TASK PROMPT — An image-free reproduction of the data below is needed: print it exactly.

DATASET EXCERPT —
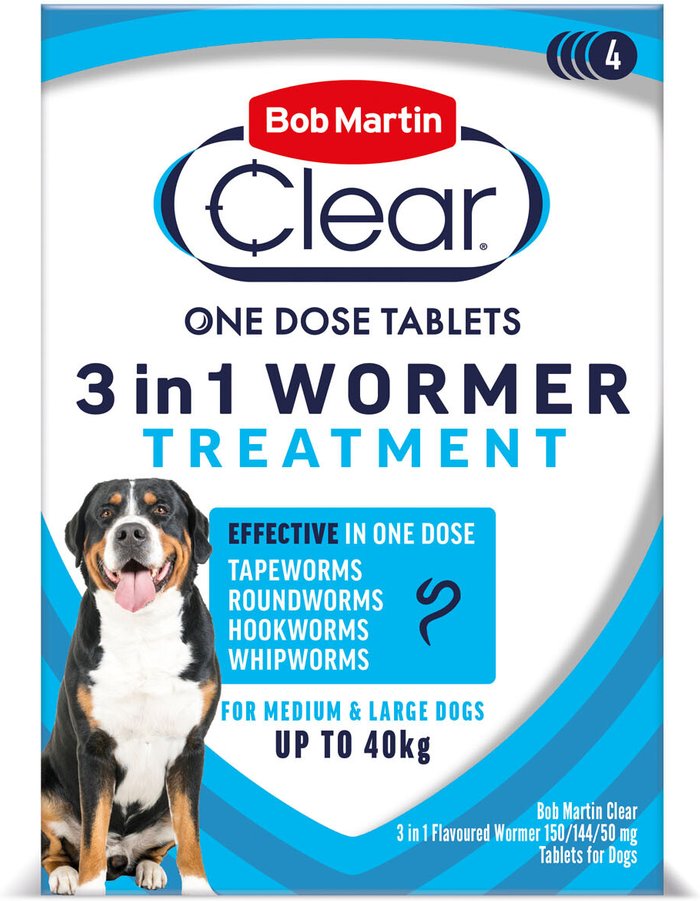 The Range | Bob Martin Pack of 4 Bob Martin Clear 3-in-1 Wormer Tablets Bob Martin Pack of 4 Bob Martin Clear 3-in-1 Wormer Tablets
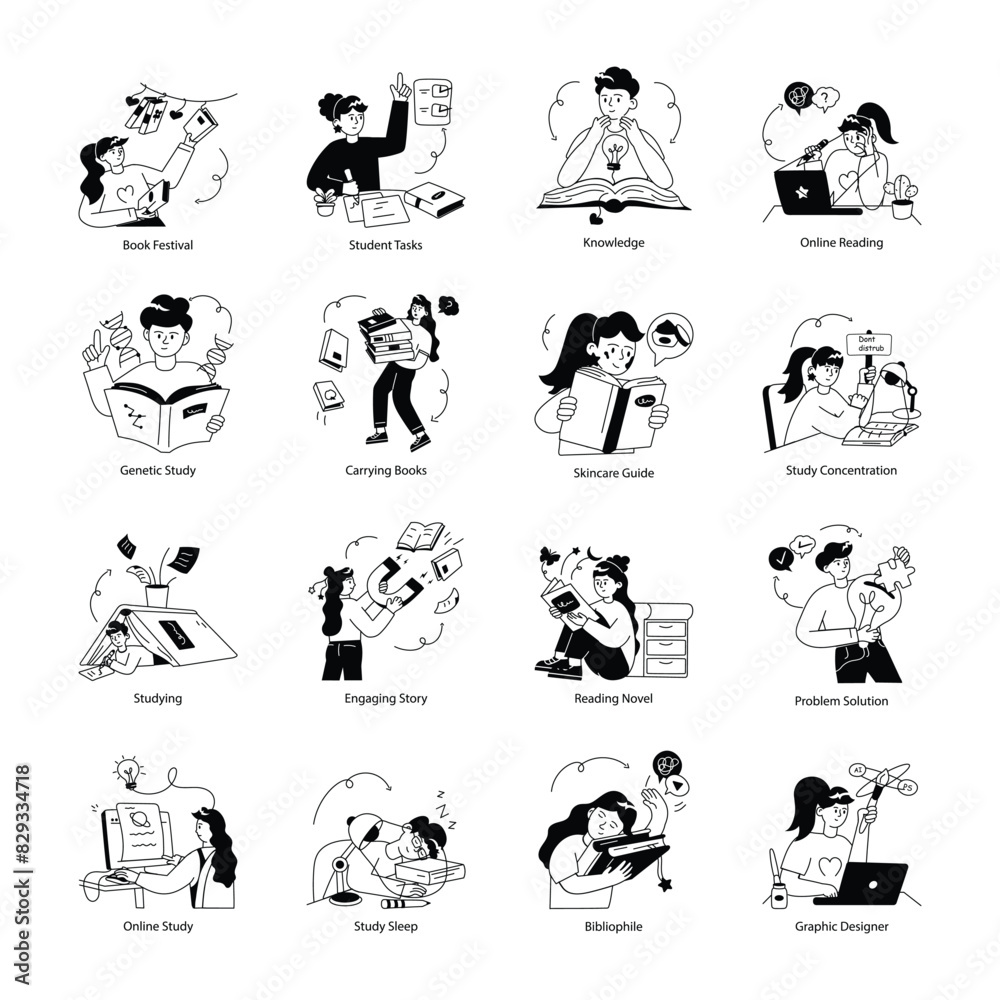Bundle of Student Studying Doodle Mini Illustrations
Bundle of Student Studying Doodle Mini Illustrations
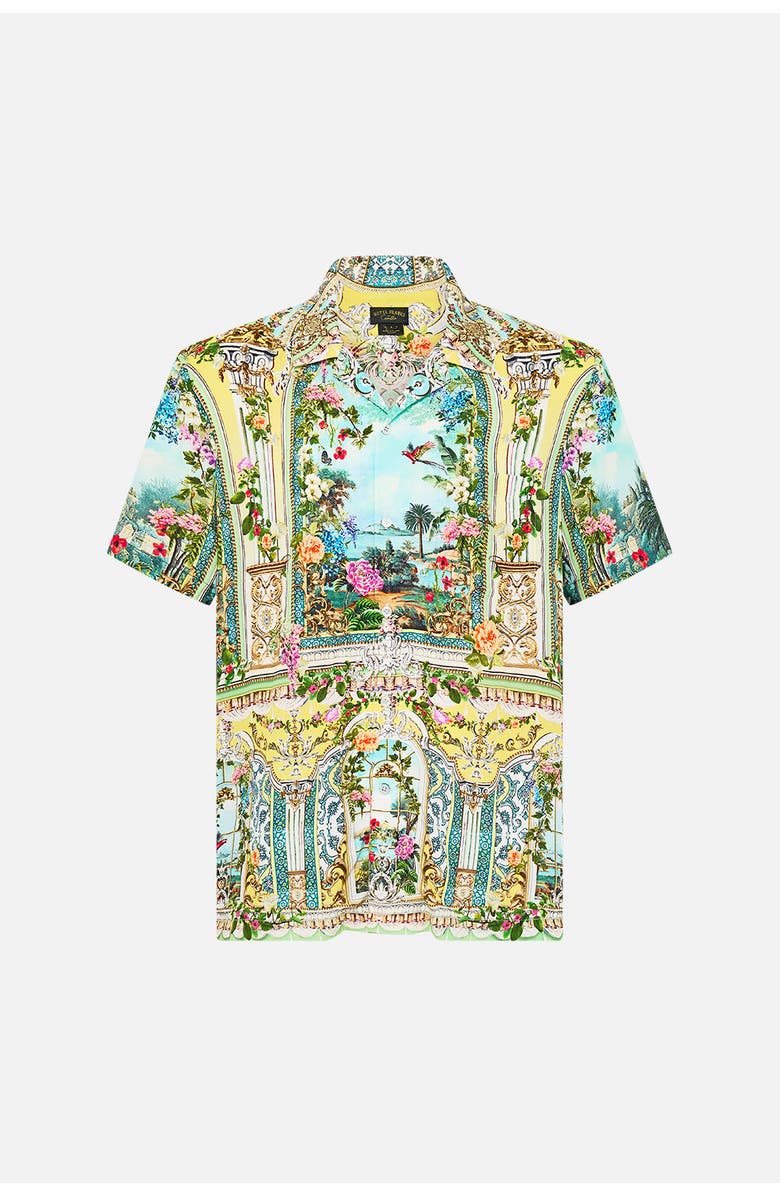 Camilla Short Sleeve Camp Collared Shirt Tales Of Topkapi Palace, Alternate, color, Tales Of Topkapi Palace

SOLUTION TO THIS TASK —
 The Range | Bob Martin Pack of 4 Bob Martin Clear 3-in-1 Wormer Tablets Bob Martin Pack of 4 Bob Martin Clear 3-in-1 Wormer Tablets
Bundle of Student Studying Doodle Mini Illustrations
Bundle of Student Studying Doodle Mini Illustrations
 Camilla Short Sleeve Camp Collared Shirt Tales Of Topkapi Palace, Alternate, color, Tales Of Topkapi Palace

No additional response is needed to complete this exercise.